This explains football’s ability to draw huge audiences at a time when viewership for almost everything else is fragmenting. This  year’s Super Bowl may break last year’s record as the most watched telecast ever in the US. The three most watched broadcasts in the history of US cable TV all took place earlier this month. They were all college football games on ESPN.

Football is also—more than any other sport—perfectly tailored for advertising, since a game famously contains lots of stoppages, providing ample opportunities for commercial breaks. And blue-chip advertisers can’t get enough of it. In September, when there was serious talk of a consumer boycott of the NFL for its handling of the Ray Rice case, brewing giant Anheuser-Busch sounded a warning to the league. “We are not yet satisfied with the league’s handling of behaviors that so clearly go against our own company culture and moral code,” it said. Other sponsors like Pepsi and McDonald’s voiced similar concerns.

But no-one ceased advertising. This Sunday, the SuperBowl will attract 15 first-time advertisers, the most since 2000. And 30- and 60-second ad spots will command record rates.

The court of popular opinion

This chart probably explains why the advertisers didn’t bolt.

The consumer perception of the NFL plummeted as the Ray Rice scandal took hold, research from YouGov, a market-research agency, shows. But as the season wore on, people seemed to forget or blank out the off-field drama and started to focus on the games again. After a few classic playoff matches, the NFL’s perception had rebounded sharply (although YouGov points out, it’s well below where it was this time a year ago).

Football has become so important to the TV industry and so perfect a vehicle for advertisers that you get the feeling that it would take something truly, unfathomably catastrophic for it to to collapse. Michael Lewis, an associate professor of marketing at Emory University, compares America’s fervent support for football to partisan politics. “Look at people who identify as Republicans or Democrats and how they react to a scandal within their own party,” he tells Quartz. “There are some folks for the current president, it doesn’t matter what he does, Obama is going to be their guy. It’s exactly what would have happened with George Bush a decade ago.”

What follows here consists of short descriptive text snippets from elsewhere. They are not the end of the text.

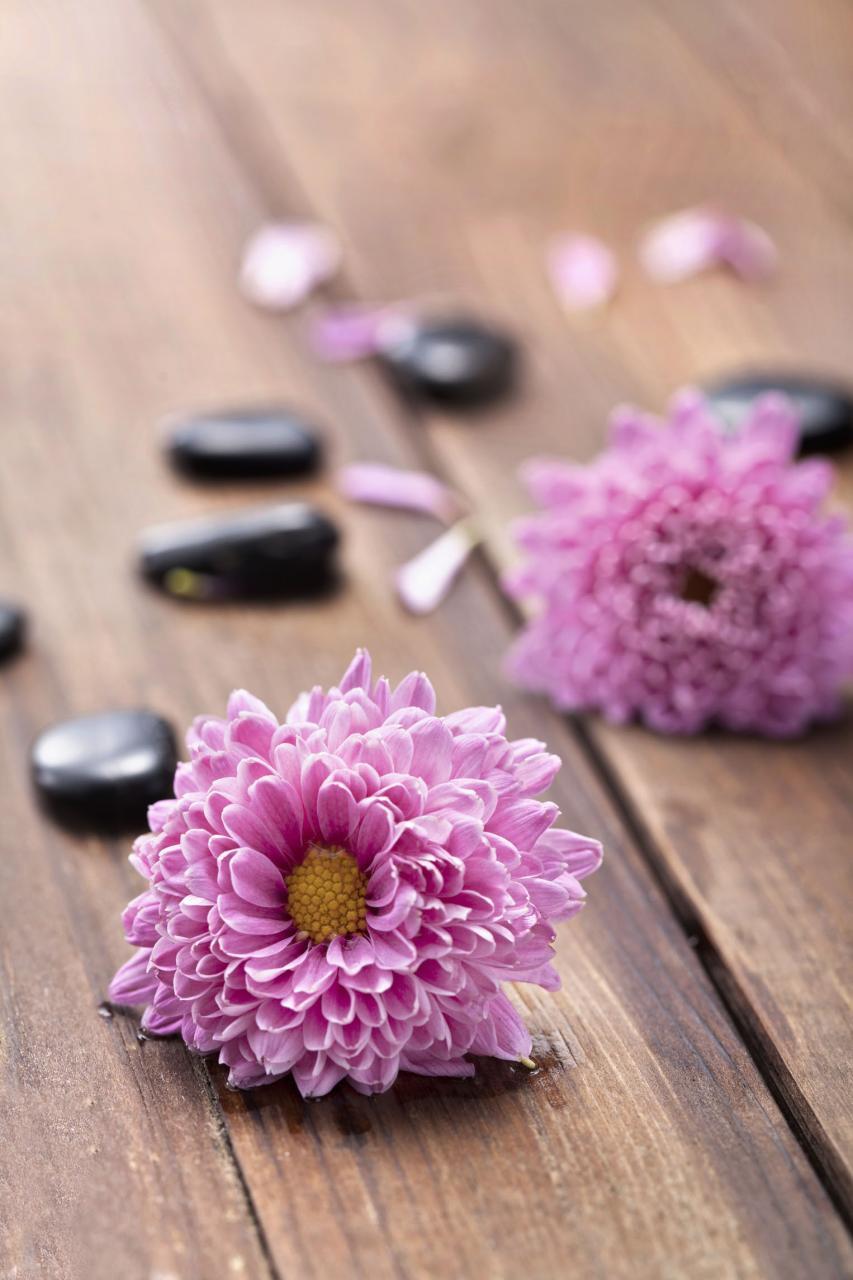 属虎和属羊的合不合婚 生肖虎和羊能否配夫妻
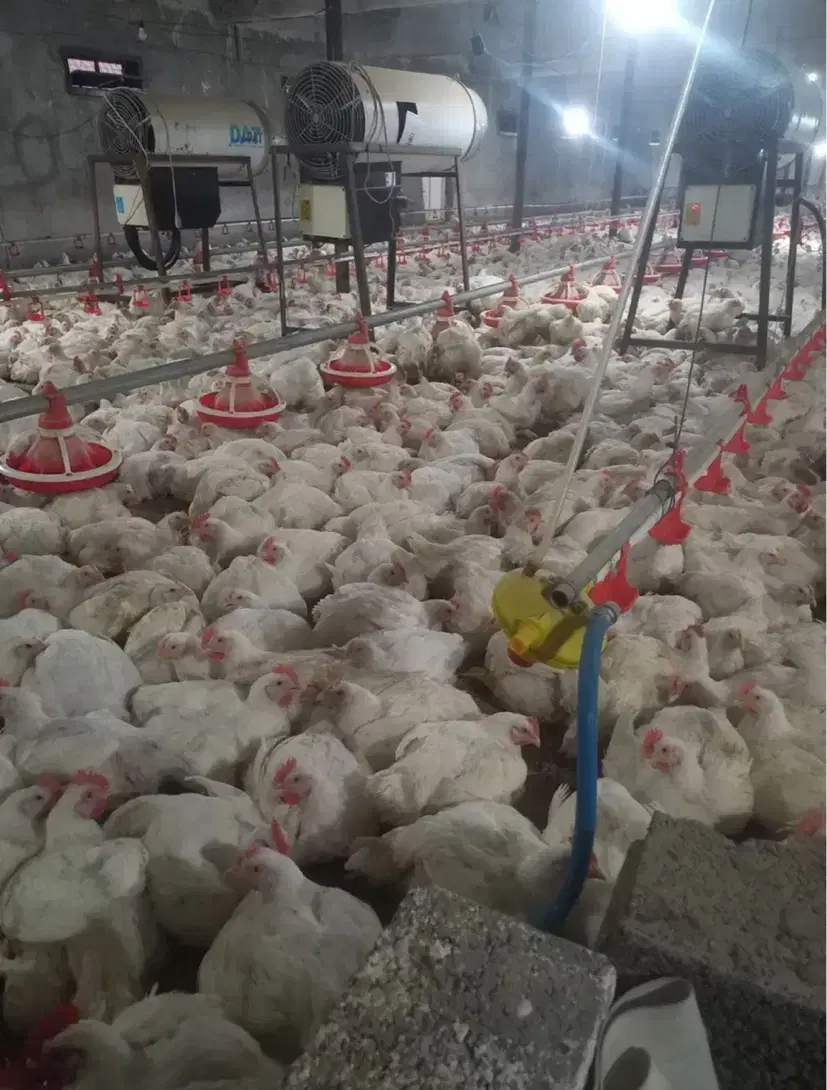 فروش مرغداری گوشتی کاملا مجهز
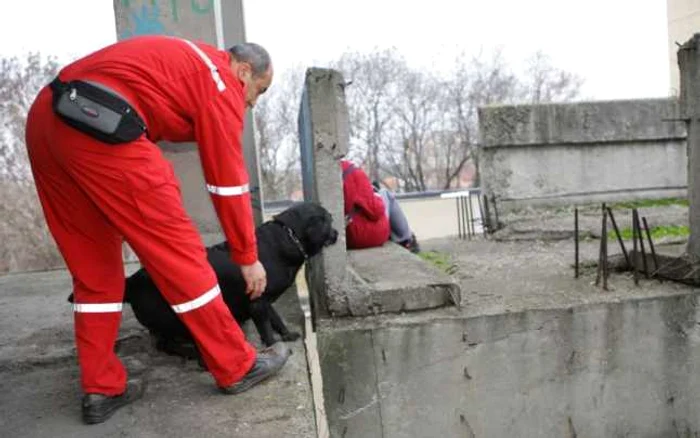 Craiova: Exerciţiile presupun tehnici speciale, pe care câinii să le deprindă. 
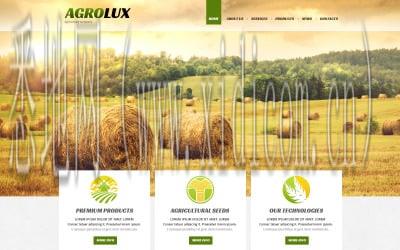 茂名网站建设公司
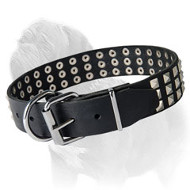 Silver Pyramids Studded Leather Dog Collar for Mastiff Walking Silver Pyramids Studded Leather Dog Collar for Mastiff Walking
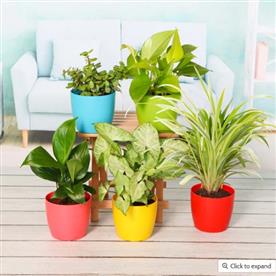 PLANT PACK FOR HEALTHY HOME-OFFICE 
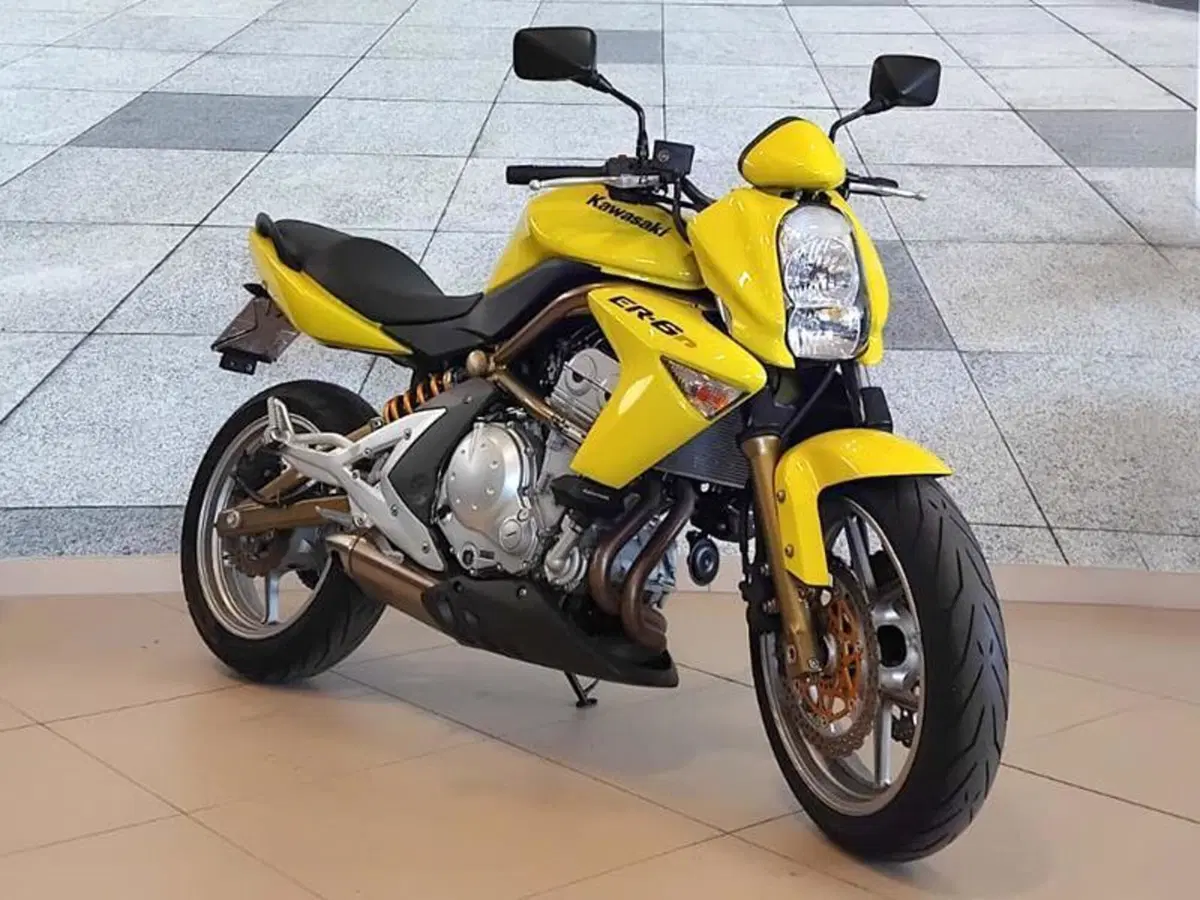 Kawasaki ER-6N (2005 - 08)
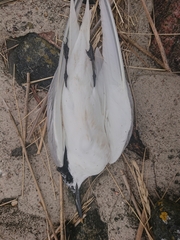 Thalasseus sandvicensis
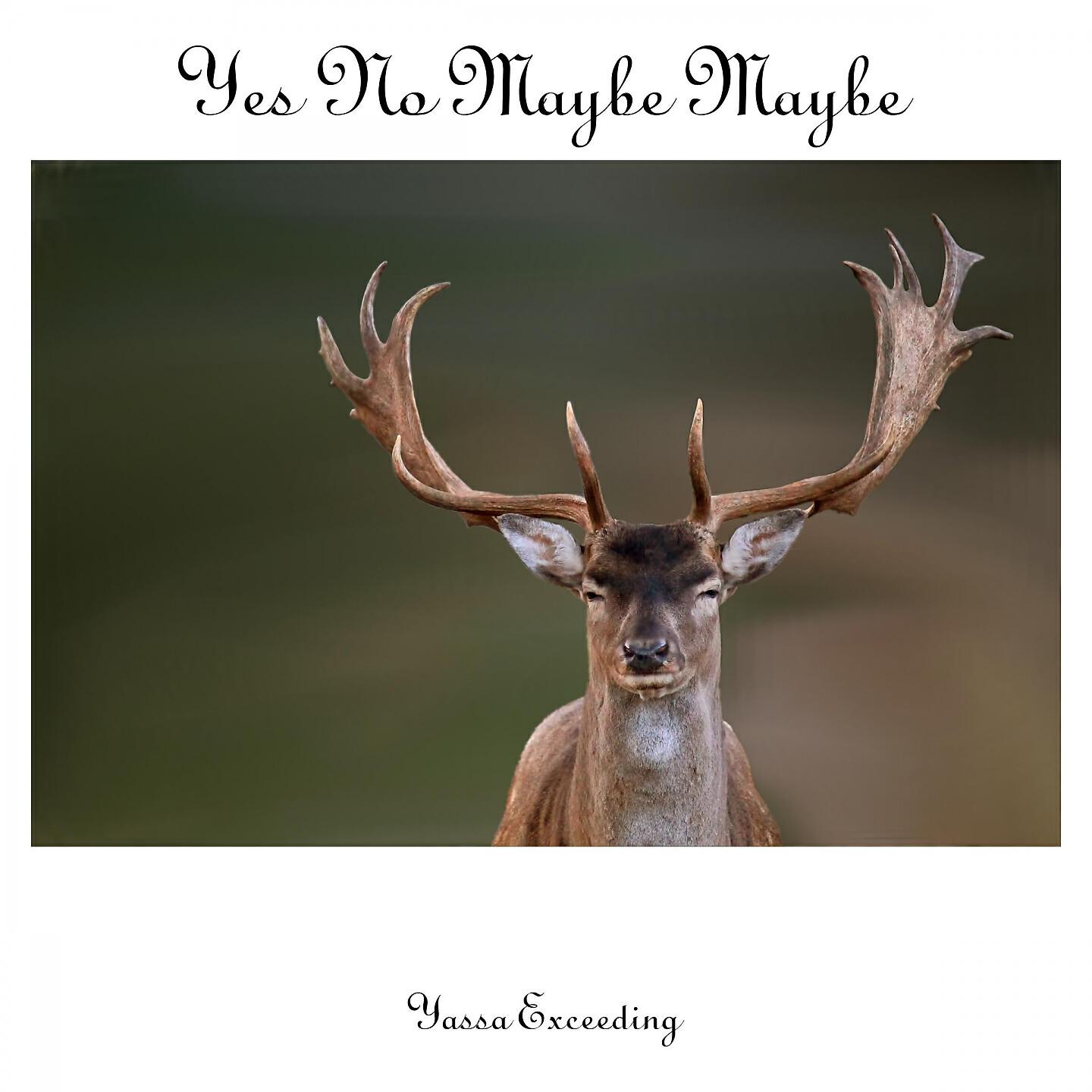 Yassa Exceeding - Tiga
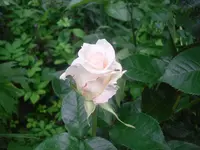 15.06.2010 009.webp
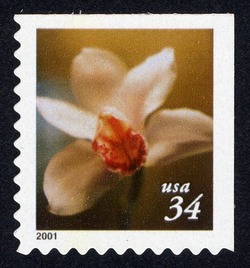 Cymbidium Orchid - Booklet Single - Perf 10.25 X 10.75 United States Postage Stamp | Flowers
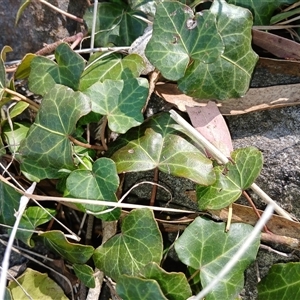 Hedera hibernica at Cooma, NSW - 23 Sep 2024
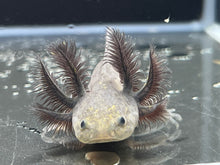 Load image into Gallery viewer, Melanoid Nina&#39;s Axolotl Nursery
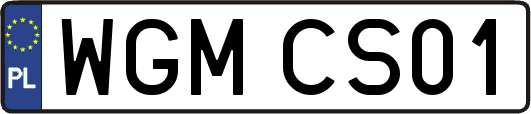 WGMCS01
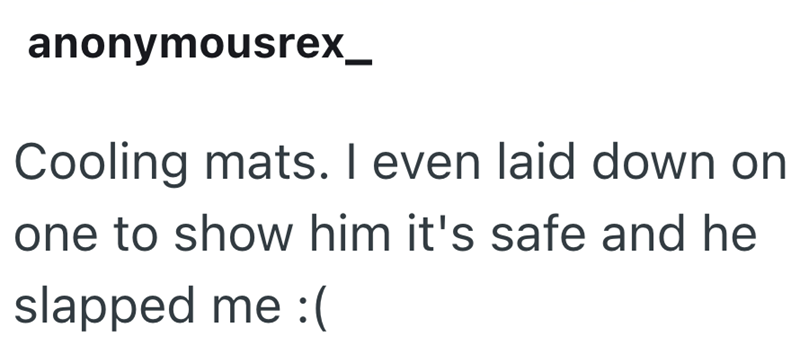 anonymousrex_ Cooling mats. I even laid down on one to show him it's safe and he slapped me :(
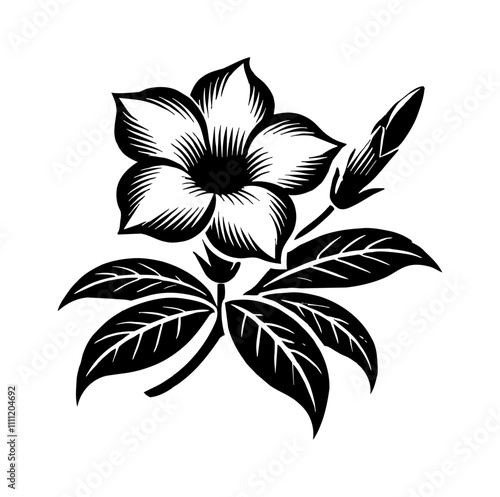 jasmine flower engraving black and white outline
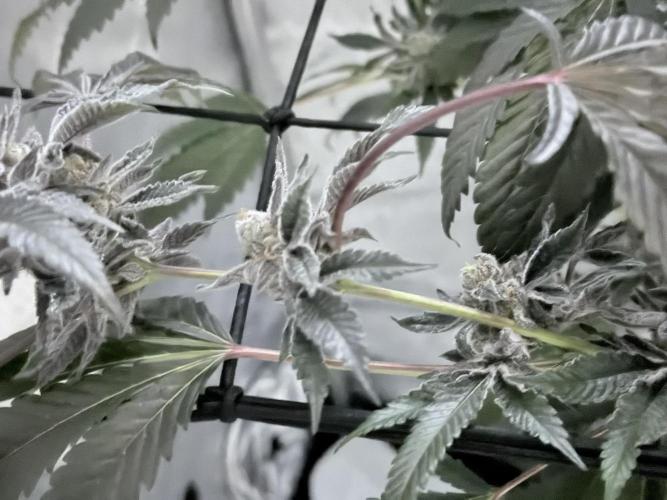 Legendary Larry (DOJA x Swamp Boys) #2. Week 7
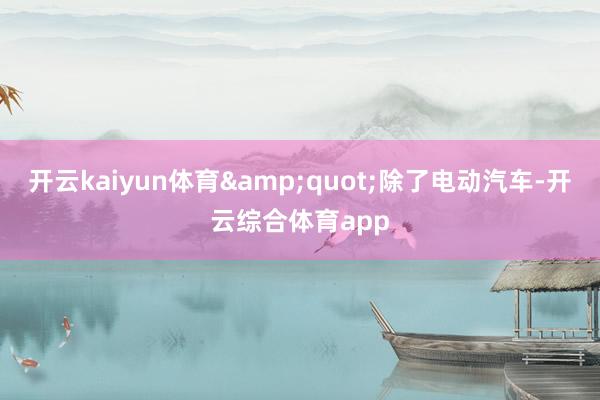 开云kaiyun体育&quot;除了电动汽车-开云综合体育app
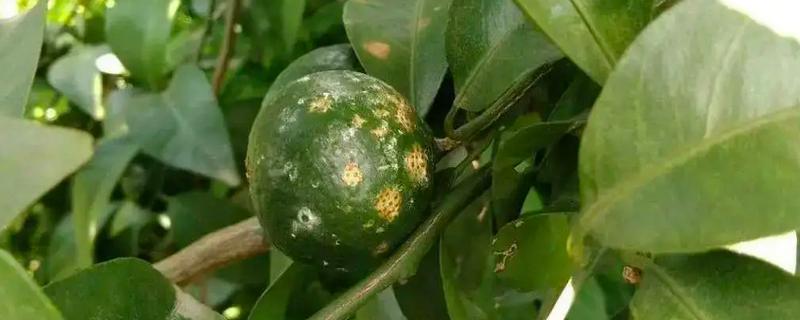 柑橘的病虫害，常见的有黑星病、蚧壳虫等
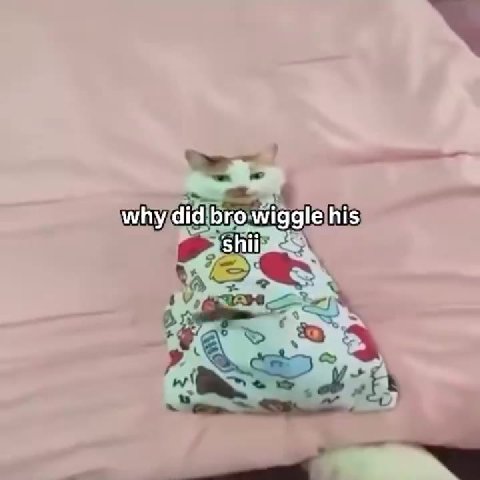 iwhy, didibrow igglelhis)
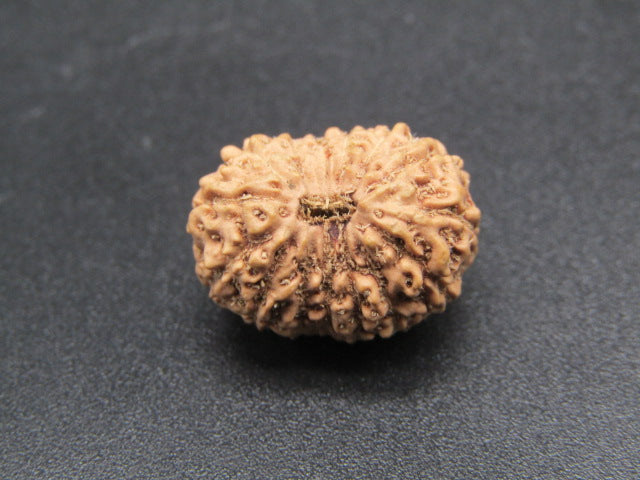 15 Mukhi Indonesia Natural Rudraksha 18.40 mm Rudraksha Report No. RDQ0044286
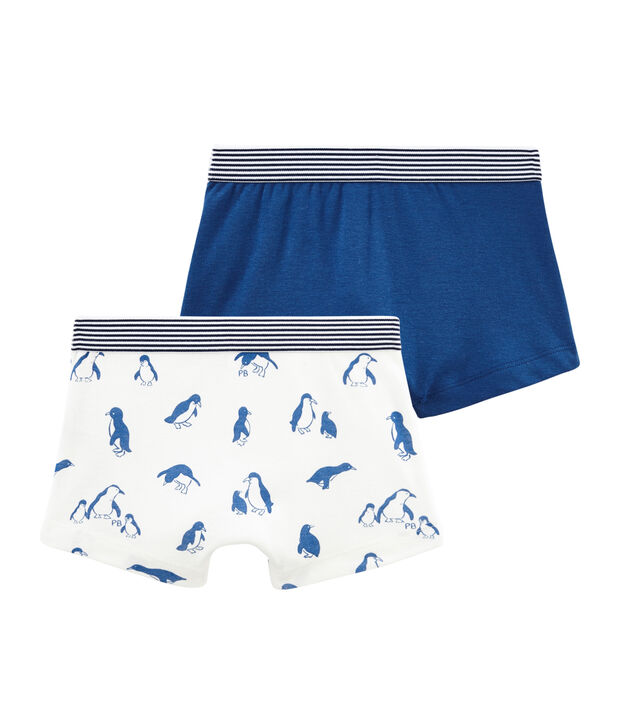 Duo de boxers petit gar&ccedil;on multicouleur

According to Lewis, the NFLs brand is almost unbreakable. But not completely.  ”I think the only way the NFL could find itself in a problem is if something happened to the on-field product,” he says. “Something meaningful, a corruption of the game.” An endemic match-fixing problem, or widespread performance-enhancing drug abuse, perhaps.

Derek Thompson, from our sister site The Atlantic, has a completely unscientific, yet still compelling alternative theory about what might be going on. He thinks the league might be accumulating invisible damage, which at some point, might cause it to collapse. “You can’t see football’s moral disintegration if you just look at the numbers,” he recently wrote. “But that doesn’t prove that fans don’t care. Maybe they’re just starting to think.”

The endgame

American football has experienced at least one serious existential crisis before. In 1905, amid repeated deaths and rising unrest over player safety, then president Teddy Roosevelt convened a summit at the White House to make it safer. But those were different days, when government was more trusted. It’s hard to imagine today’s administrations intervening in something that’s both a national pastime and a massive industry.

It seems blindingly obvious to an outsider like me (I did not grow up in the US) that the very equipment designed to protect players—helmets—are a big part of the on-field violence problem. They give players a false sense of security, and are even used as weapons (as players charge into each other head first, rather than tackle with arms and shoulders). There are signs that this might someday be addressed: The NFL has been looking at ways to make helmets more shock-absorbent, and various researchers are looking at other ways to make them safer. Yet if Lewis’s analogy with partisan politics is correct, then maybe that won’t happen. Doing so might be the NFL equivalent of a Republican raising taxes.

If safety doesn’t improve, one way football could decline is if both pro and college football are swamped by lawsuits. Eventually, the game could become uninsurable, and the economics will no longer stack up. (This scenario was explored by the economists Kevin Grier and Tyler Cowen for Grantland in 2009). Or perhaps it will become “ghettoized”, as Gladwell put it, advertisers will retreat, and it will all come crashing down. Maybe the glaring lack of appeal of football outside of the US will prove its Achilles heel; or maybe, as Mark Cuban, the media magnate and basketball team owner has suggested, over-saturation in the US will be its undoing.

Maybe.

In any case, if like millions of Americans, you tune into NBC on Sunday evening to watch the big game, to see Katy Perry performing during halftime, or even for the commercials, the idea that football could fall off the map anytime soon will seem far-fetched, at best.